« James Joyce » par Valery Larbaud (La Nrf, avril 1922)

 

 Depuis deux ou trois ans James Joyce a obtenu, parmi les gens de lettres de sa génération, une notoriété extraordinaire. Aucun critique ne s'est encore occupé de son œuvre et c'est à peine si la partie la plus lettrée du public anglais et américain commence à entendre parler de lui ; mais il n'y a pas d'exagération à dire que, parmi les gens du métier, son nom est aussi connu et ses ouvrages aussi discutés que peuvent l'être, parmi les scientifiques, les noms et les théories de Freud ou de Einstein. Là, il est pour quelques-uns le plus grand des écrivains de langue anglaise actuellement vivants, l'égal de Swift, de Sterne et de Fielding, et tous ceux qui ont lu son Portrait de l'Artiste dans sa Jeunesse s'accordent, même lorsqu'ils sont de tendances tout opposées à celles de Joyce, pour reconnaître l'importance de cet ouvrage ; tandis que ceux qui ont pu lire les fragments d'Ulysse publiés dans une revue de New-York en 1919 et 1920 prévoient que la renommée et l'influence de James Joyce seront considérables. Cependant, si, d'autre part, vous allez demander à un Membre de la « Société (américaine) pour la Suppression du Vice » : Qui est James Joyce ? Vous recevrez la réponse suivante : C'est un Irlandais qui a écrit un ouvrage pornographique intitulé Ulysse que nous avons poursuivi avec succès en police correctionnelle lorsqu'il paraissait dans la Little Review de New-York.

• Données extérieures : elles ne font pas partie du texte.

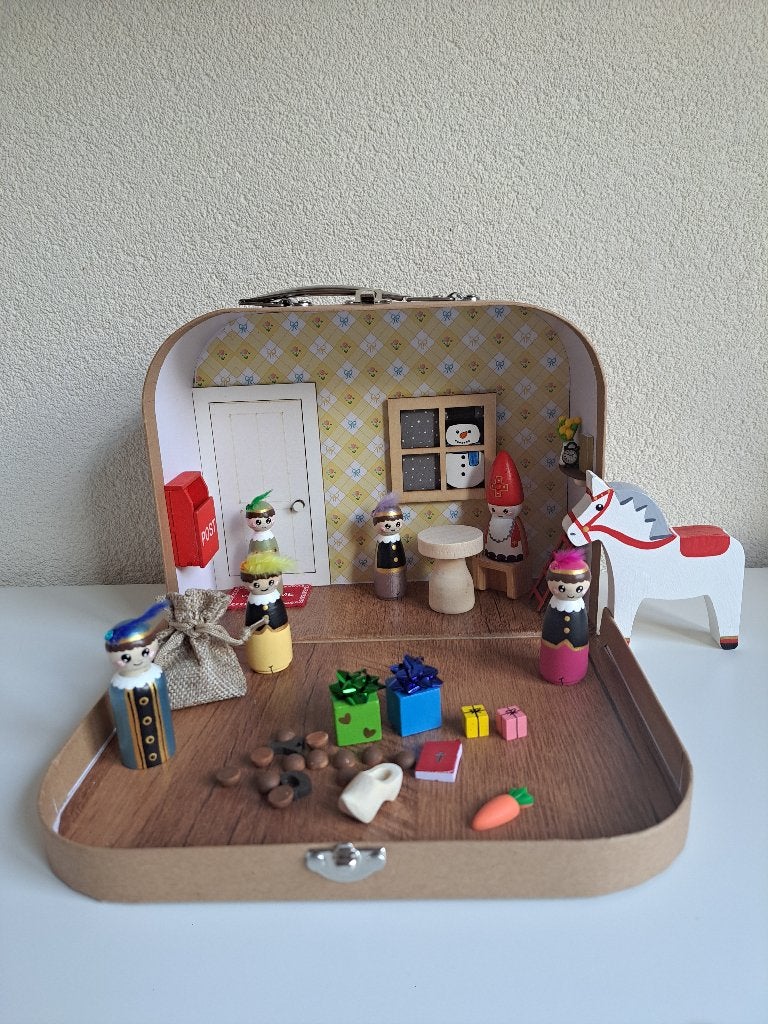 Koffer sint en pieten pegdolls, Diversen, Ophalen of Verzenden, Nieuw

  Il s'est en effet passé pour Joyce aux États-Unis ce qui s'est passé chez nous pour Flaubert et pour Baudelaire. Il y a eu plusieurs procès d'intentés contre The Little Review à propos d'Ulysse. Les débats ont été parfois dramatiques et plus souvent comiques, mais toujours à l'honneur de la directrice de The Little Review, Miss Margaret Anderson, qui a combattu vaillamment pour l'art méconnu et la pensée persécutée.

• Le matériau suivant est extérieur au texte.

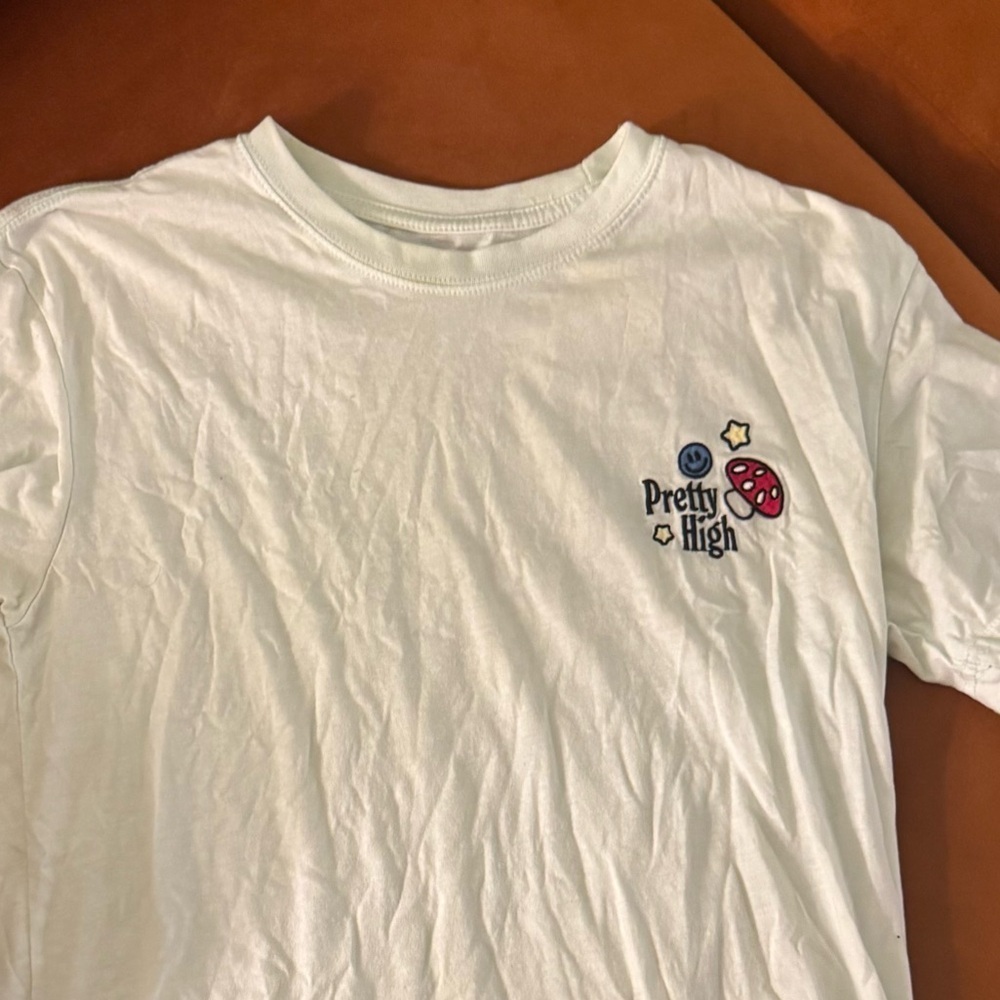 PacCares Pretty High Embroidered T-Shirt in Light Blue size medium - Picture 4 of 7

  Étant donné les précédents que je viens de citer (Flaubert et Baudelaire) auxquels il convient d'ajouter celui de Walt Whitman, dont les livres ont été, en leur temps, officiellement classés comme « matière obscène » et de ce fait déclarés intransportables par l'administration des Postes aux États-Unis — nous ne pouvons pas hésiter un instant entre les jugements des membres de la Société pour la Suppression du Vice et l'opinion des lettrés qui connaissent l'œuvre de James Joyce. Il est en effet bien invraisemblable que des gens assez cultivés pour goûter un auteur aussi difficile que celui-ci, prennent un ouvrage pornographique pour un ouvrage littéraire.

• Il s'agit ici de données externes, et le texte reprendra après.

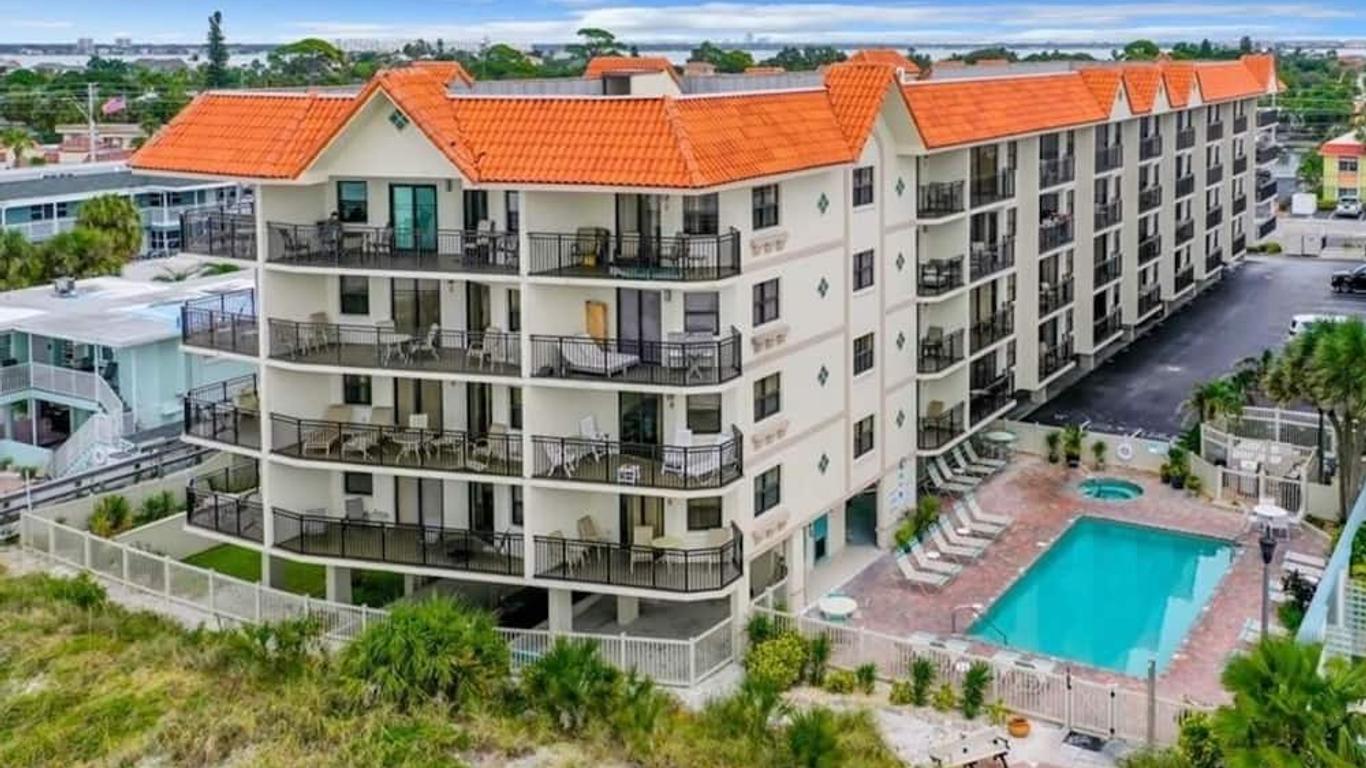 Vistas on the Gulf by TRS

  Je vais maintenant essayer de décrire l'œuvre de James Joyce aussi exactement que possible, et sans chercher à en faire une étude critique : j'aurai bien assez à faire de dégager, ou d'essayer de dégager, pour la première fois, les grandes lignes de cette œuvre et d'en donner une idée un peu précise. [...]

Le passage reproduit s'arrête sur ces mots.